The plasma discharge cell portion 2 has a discharge electrode 5 on the anode side and a discharge electrode 6 on the cathode side formed by printing on the substrate glass 4, a barrier rib (partition) 7 formed by printing, and a thin glass plate 8. And a frit 9 for sticking together.

The liquid crystal panel section 3 comprises a display electrode 11 formed on the liquid crystal glass 10 and a liquid crystal layer 12 provided between the liquid crystal glass 10 and the thin glass plate 8. The liquid crystal glass 10 is non-conductive, optically transparent and has a flat shape. The display electrode 11 is made of a transparent conductive material such as indium tin oxide (ITO) and is optically transparent. A plurality of display electrodes 11 are arranged at equal intervals in parallel with each other in the vertical direction (Y direction shown in FIG. 4) of the display screen. For example, nematic liquid crystal is injected into the liquid crystal layer 12.
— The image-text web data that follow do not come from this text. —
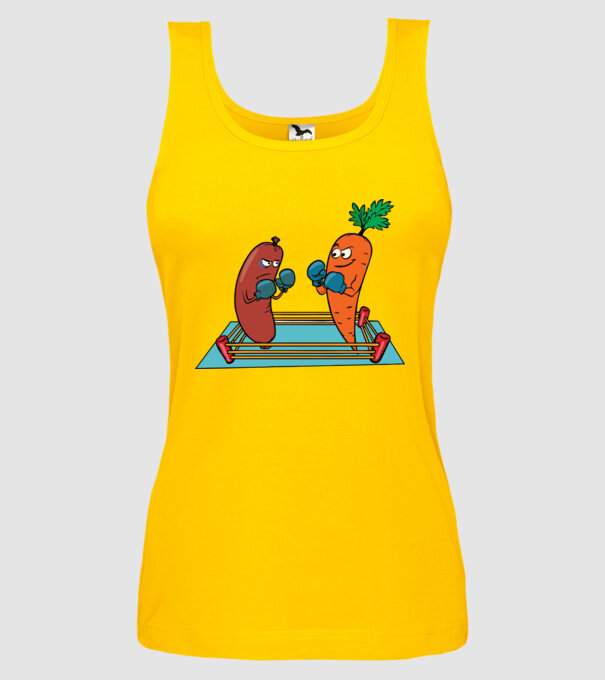 sausage vs carrot model galben pe tricou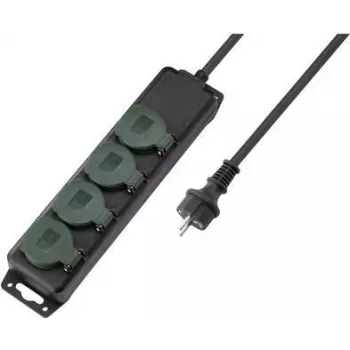Listwa zasilająca SYGONIX SY-5145340 bez wyłącznika, 3 gniazda Schuko, kabel 1,5 m, czarno-zielona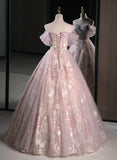 Pink Sweetheart Floral Lace and Tulle Prom Dress, Pink Sweetheart Long Party Dress HZ1024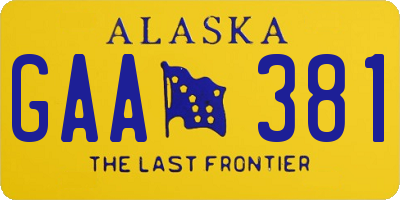 AK license plate GAA381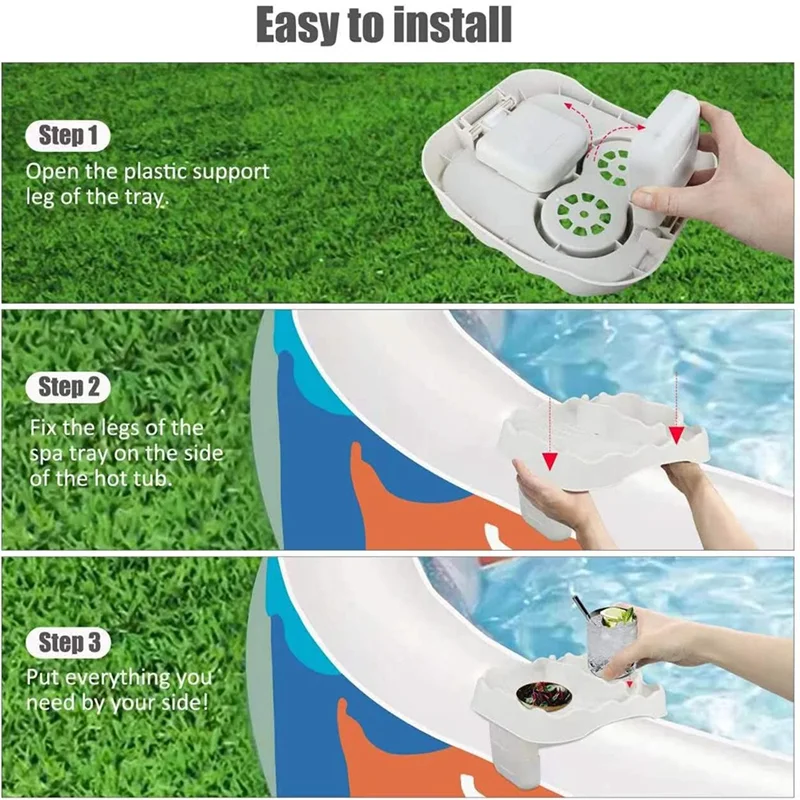 Pool Cup Holder,Detachable Drink Cup Holder and Refreshments Tray Compatible with Intex Most Inflatable Pools B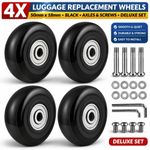 4x Luggage Suitcase Replacement Wheels 50mm x 18mm Black Axles Screws Deluxe Kit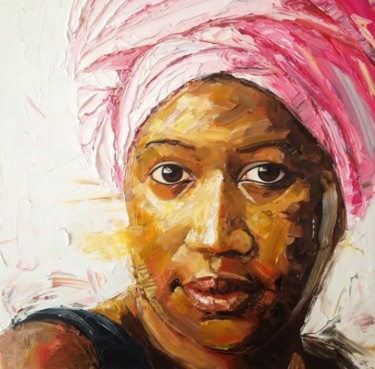 Malerei mit dem Titel "Aretha Franklin" von Achille Chiarello, Original-Kunstwerk, Öl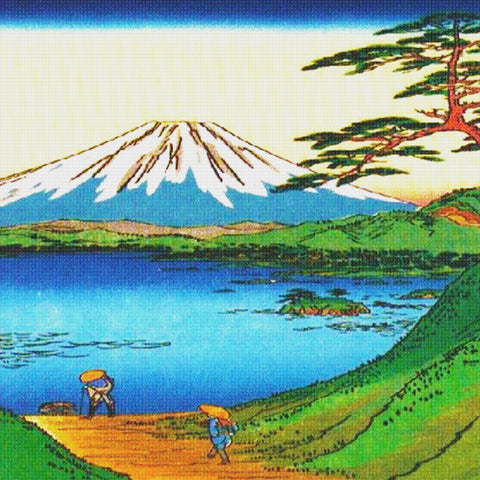 Orenco Originals Hokusai Lake Mont Fuji Detail -Square Design Counted Cross Stitch Pattern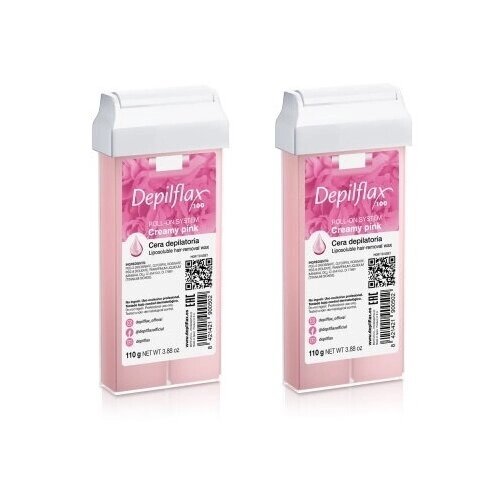 Воск в картридже Розовый Сливочный Depilflax100, 110 гр (комплект из 2 штук)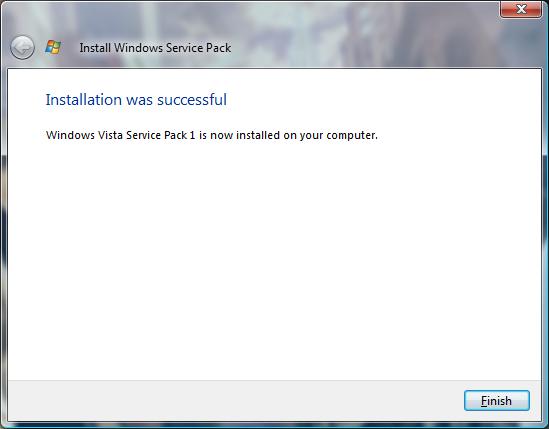 Windows Vista Service Pack 1 Postinstallation Message
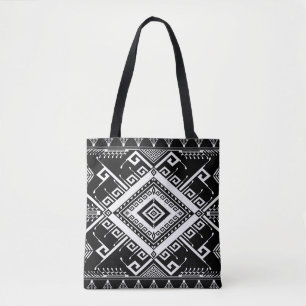 Ethnic geometric Indian border, abstract. Tote Bag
The discharge electrodes 5 and 6 are arranged in parallel at a predetermined interval in a direction orthogonal to the display electrode 11, that is, in the horizontal direction of the display screen (X direction shown in FIG. 4). The barrier rib 7 is formed on the discharge electrode 5 on the anode side, and excluding the portion forming the frit 9 on the extension of the discharge electrode 5 on the anode side. This barrier rib 7
Is formed by laminating and printing a plurality of glass pastes containing a ceramic such as alumina by a screen printing method.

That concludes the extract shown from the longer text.